#### [Action item]
Return each line exactly, from the one that has "2020 Jeep Cherokee Limited 4x4" through the end of the entries, both ends included. Pictures do not belong.

(Caption-style text data)
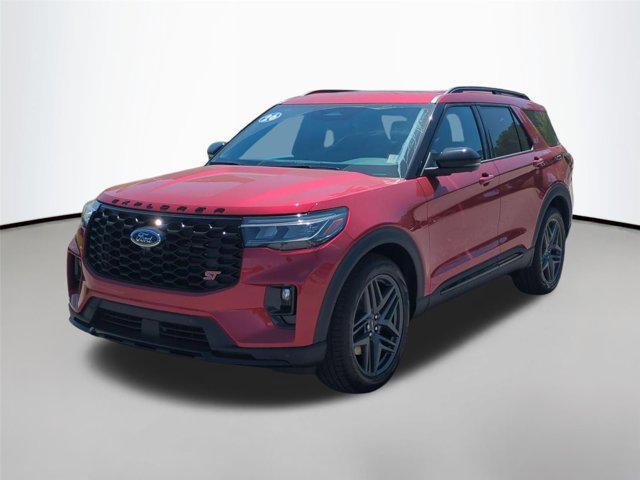 New 2026 Ford Explorer ST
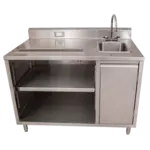 BK Resources BEVT-3072R, Beverage Counter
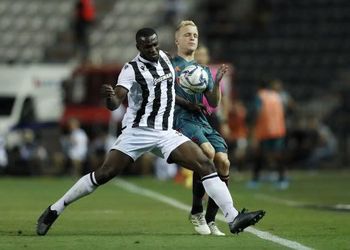 Ukraine – Nigeria Friendly: Gernot Rohr invites Greece-based star to replace injured Super Eagles midfielder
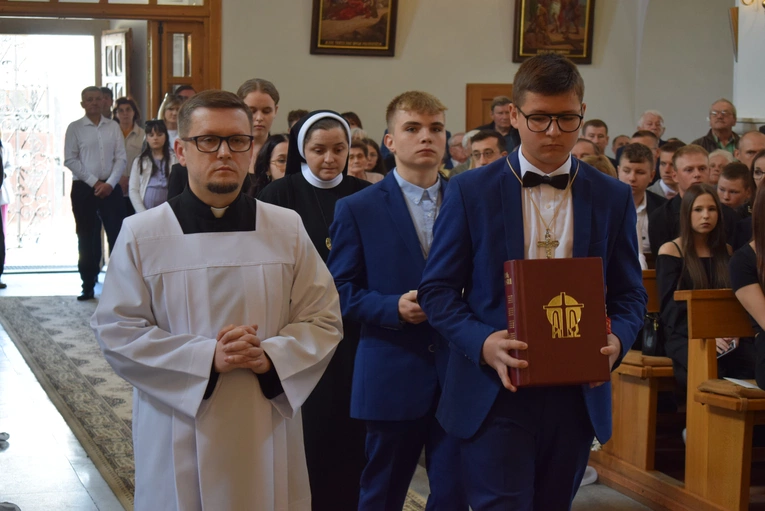 Jubileusz michalitów w Nowej Słupi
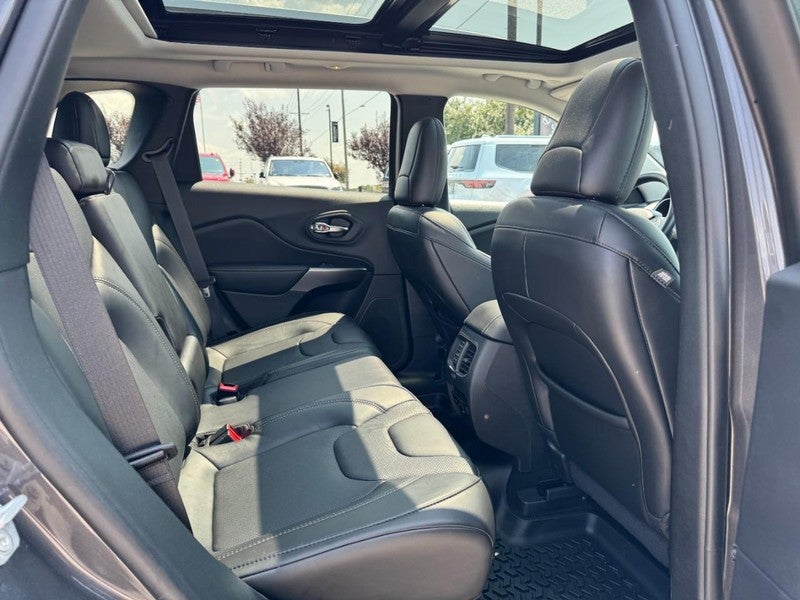 2020 Jeep Cherokee Limited 4x4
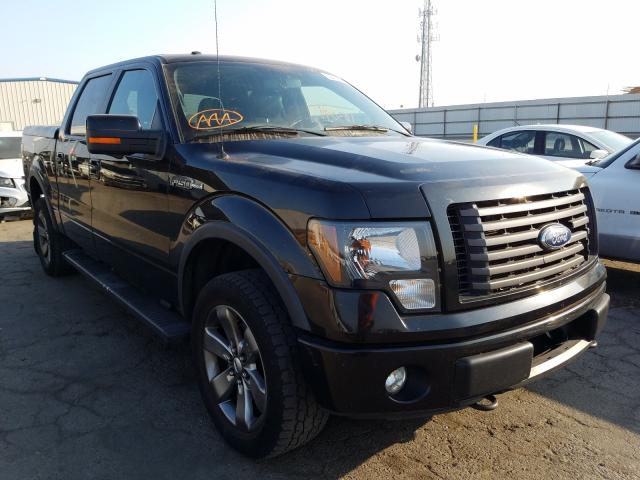 FORD F150 SUPER 2012 1ftfw1ef9cfc83429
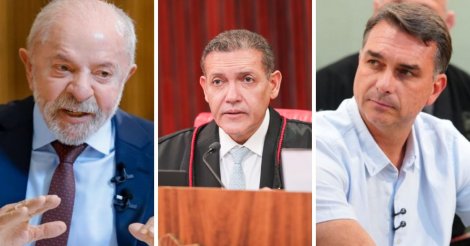 Após 38 ações em 25 horas, Nunes Marques marca reunião com representantes de Lula e Flávio Bolsonaro em meio à disputa eleitoral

#### [Answer below]
 2020 Jeep Cherokee Limited 4x4
 FORD F150 SUPER 2012 1ftfw1ef9cfc83429
 Após 38 ações em 25 horas, Nunes Marques marca reunião com representantes de Lula e Flávio Bolsonaro em meio à disputa eleitoral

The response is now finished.